--- YOUR ASSIGNMENT ---
In the records below, find the line containing "Dell FPb Flat Panel Monitor" and return it together with every later line, exactly as written; pictures are to be omitted.

--- DATA TO PROCESS ---
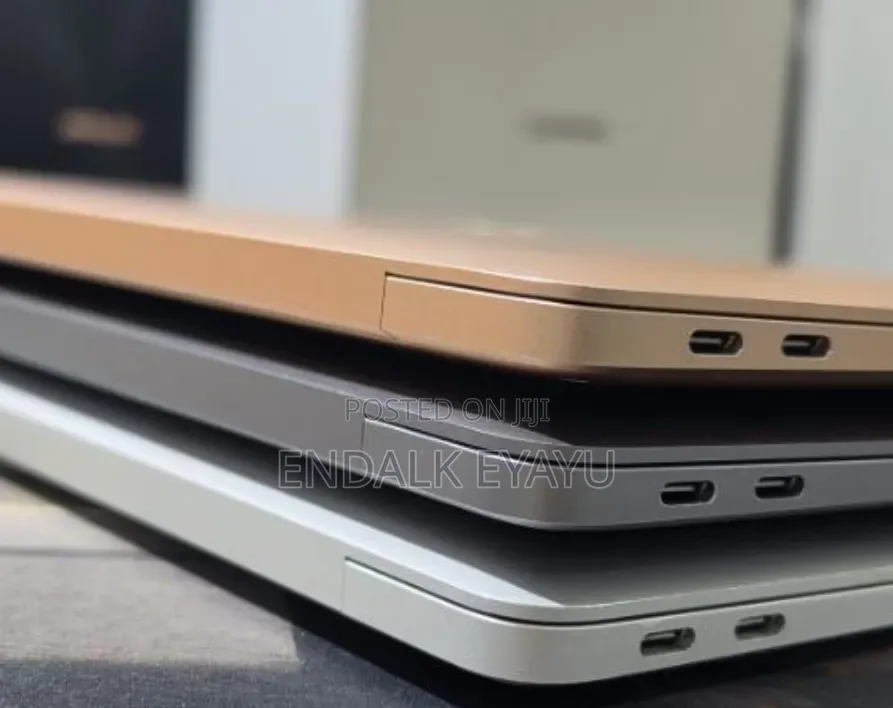 New Laptop Apple MacBook Air 2020 M1 8GB Apple M1 SSD 256GB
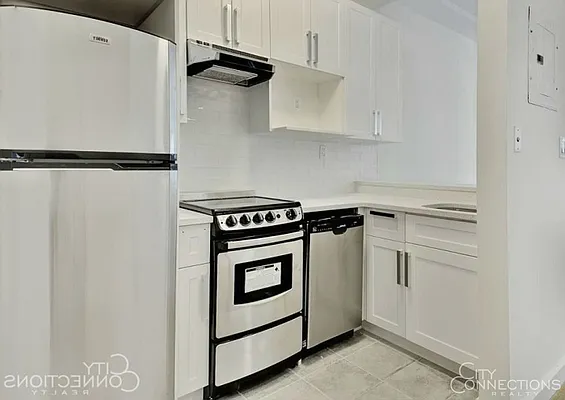 Rented by City Connections Realty | media 37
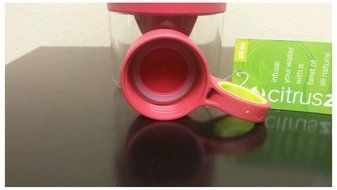 Anything Citrus Zinger Juicer Infuser, Pink Water Bottle BPA Free Plastic N5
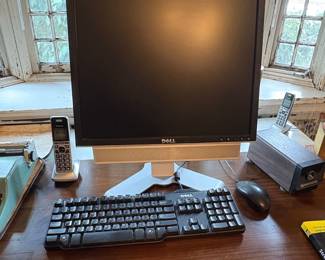 Dell FPb Flat Panel Monitor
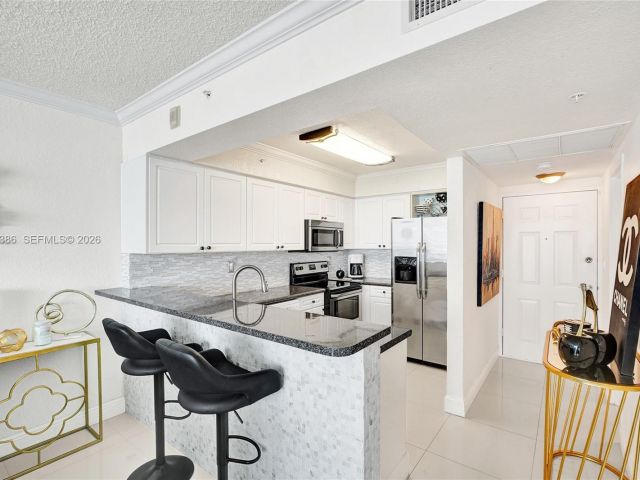 Apartment for rent  Unit #1212 (available April 24) - photo 7432010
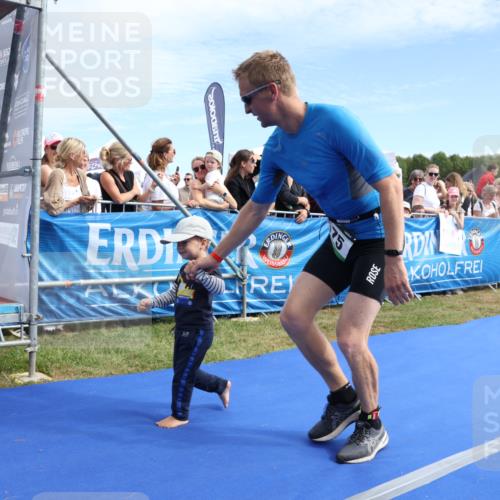 31.08.2025 - Elbe Triathlon Hamburg Strokosch-Dieckow http://msf.ph/oto/8652519 31.08.2025 11:12:44 Ziel 550, 575, 691, 939, 1034, 1076 meine-sportfotos.de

--- REPLY ---
 Dell FPb Flat Panel Monitor
 Apartment for rent  Unit #1212 (available April 24) - photo 7432010
 31.08.2025 - Elbe Triathlon Hamburg Strokosch-Dieckow http://msf.ph/oto/8652519 31.08.2025 11:12:44 Ziel 550, 575, 691, 939, 1034, 1076 meine-sportfotos.de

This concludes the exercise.